Goals

I. Purpose

To promote the understanding and use of Universal Design (“UD”) in the design and development of buildings, products, and environments to be useable by all people, to the greatest extent possible, without the need for adaptation, retrofitting, or specialized design.

II. Role and Responsibilities

The Commission will:

  1. facilitate through public education the awareness, understanding, and application of UD principles to products and the built environment;
  2. lead a voluntary consensus standards development process to provide an objective system of measurement to evaluate the level of adoption of UD standards in the built environment;
  3. promote the adoption and use of newly developed UD standards across environments;
  4. educate designers, developers, lenders, governments, and end users of the benefits of application of UD standards to the built environment and products;
  5. measure, through the application of a rating system, the level of adoption of UD standards;
  6. certify buildings, commercial and residential development, and products that meet UD standards;
  7. conduct training and offer technical assistance to designers, developers, lenders, governments and end users to understand and apply UD standards to improve product and built environment design;
  8. certify professionals to be qualified in UD and in UD building and product certification;
  9. conduct research to improve current and create new knowledge about the adoption and
  10. conduct any other activities to fulfill and communicate the mission of the Global Universal Design Commission.

III. Collaboration

The GUDC will encourage participation by individuals, organizations and governments to learn more about UD and accelerate interest, investment, and adoption. The Commission Board of Directors has established membership categories that seek to directly involve universities, governments, developers, building owners, disability organizations, financial institutions, and other interested parties.

IV. Universal Design Consensus Standards

The practice of Universal Design gives attention to these goals:
Steinfeld and Maisel, 2012

  • Body fit - accommodating a wide a range of body sizes and abilities
  • Comfort - keeping demands within desirable limits of body function and perception
  • Awareness – ensuring that critical information for use is easily perceived
  • Understanding – making methods of operation and use intuitive, clear and unambiguous
  • Wellness - contributing to health promotion, avoidance of disease and  protection from hazards
  • Social integration – treating all groups with dignity and respect
  • Personalization – incorporating opportunities for choice and the expression of individual preferences
  • Appropriateness – respecting and reinforcing cultural values and the social and environmental context of any design project.

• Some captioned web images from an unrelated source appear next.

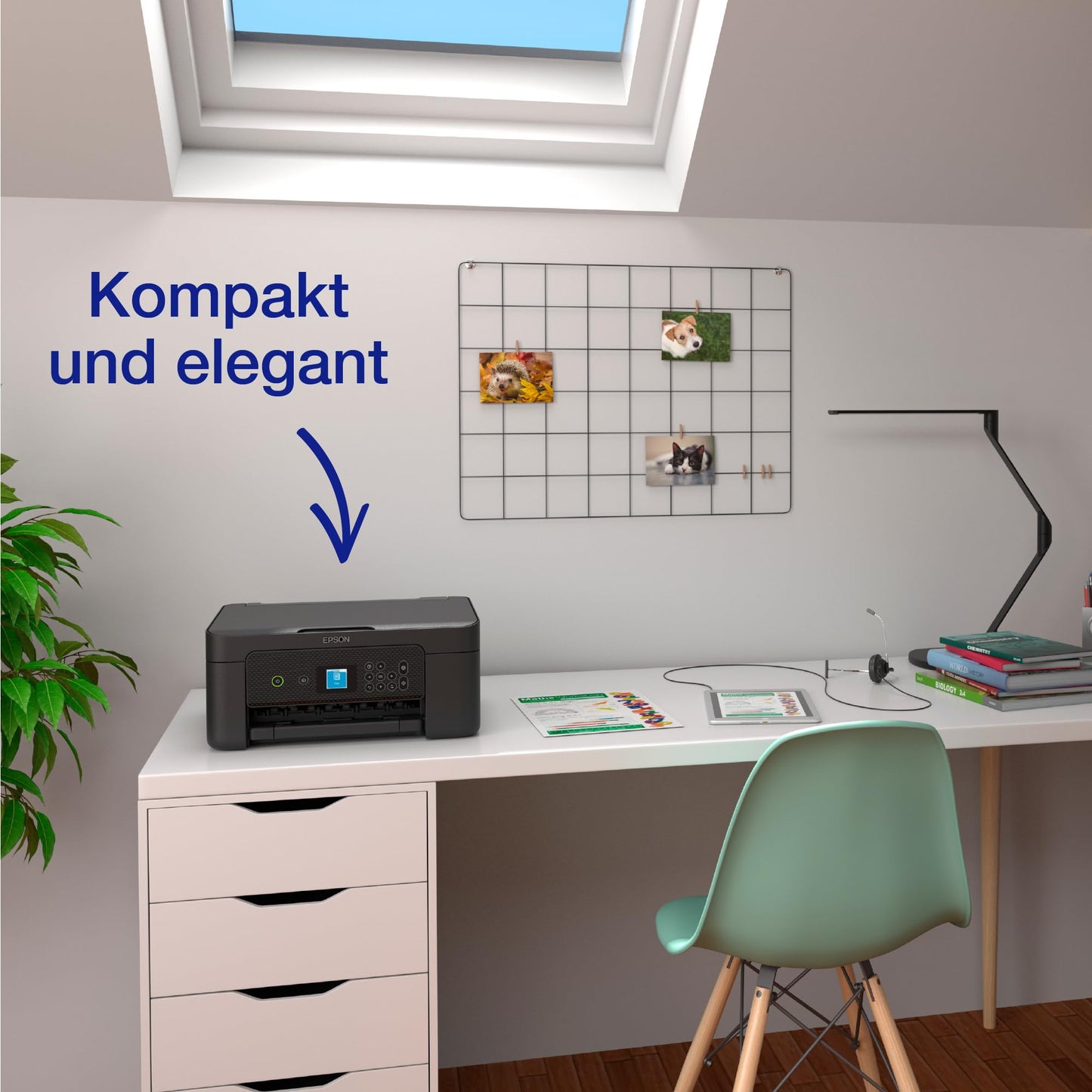 Epson Expression Home XP-3200 3-in-1 ink multifunction printer with scanner, copier, WiFi, single cartridges, duplex, 1.45 inch display, A4 size, includes 9 months of ReadyPrint Flex ink tariff.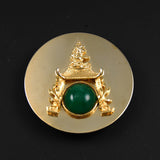 Asian Pagoda Gold & Jade Belt Buckle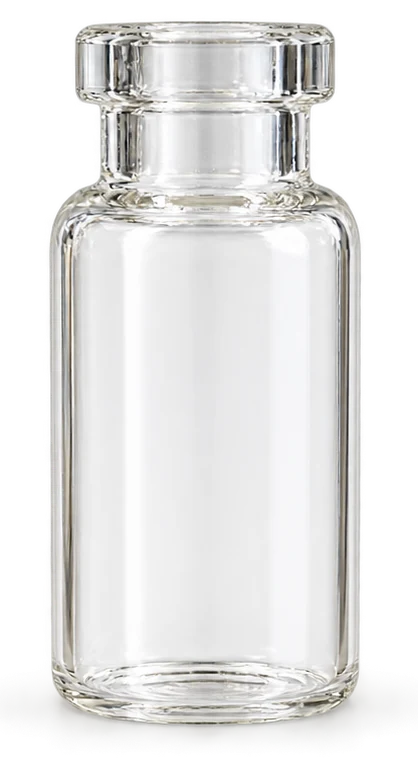 T-3216, clear crimp neck vial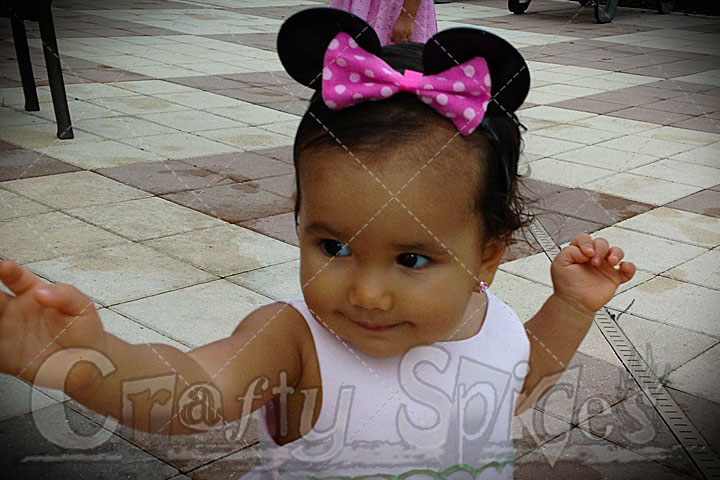 Kaylee with her baby Minnie ears at her first Birthday.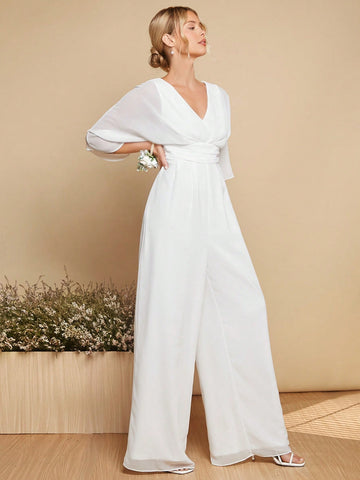 Solid Batwing Sleeve Wide Leg Jumpsuit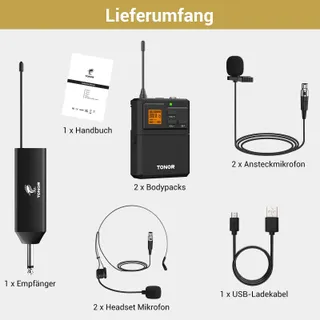 TONOR UHF Draadloos Microfoonsysteem Dubbele Headset Microfoons — miniatuur 9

The practice of universal design is contextual. There are no absolute levels of performance since each project context determines what can be achieved. The Universal Design Consensus Standards will foster a continuing process of improvement by setting goals and identifying good practice approaches
to meet those goals.

Standards will initially be developed for buildings and facilities. The first set will focus on commercial buildings and facilities. Later initiatives will expand to educational, residential, health, civic and other building and facility types. Beyond the built environment, GUDC will also develop initiatives in product design and services.

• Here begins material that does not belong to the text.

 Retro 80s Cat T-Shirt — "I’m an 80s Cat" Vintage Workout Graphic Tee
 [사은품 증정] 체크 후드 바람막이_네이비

The Consensus Standards developed by the Commission for buildings will generally have three categories of standards: (1) development process, (2) design features, and (3) operation and use. Each set of building standards will have several subsections within each of these categories.

The Universal Design Consensus Standards will be developed to meet three basic universal design goals: (1) usability, (2) safety, and (3) health. The standards and rating system will be developed through an open consensus process involving a wide range of stakeholders. Certification will be based on meeting performance goals through a variety of strategies, and the rating system will also be designed to reduce the burden of the certification process.

Accreditation will have a pre-requisite – compliance with all applicable accessibility, health and safety codes. Without evidence of compliance, certification cannot be obtained.

V. Conclusion

The Universal Design Consensus Standards to be developed by GUDC will be voluntary guidance standards that can be adopted to incorporate UD principles into buildings, products and services. The intent is that the UD Consensus Standards will complement existing accessibility standards and regulations by identifying and encouraging the incorporation of features that increase usability, safety and health for a diverse end user population.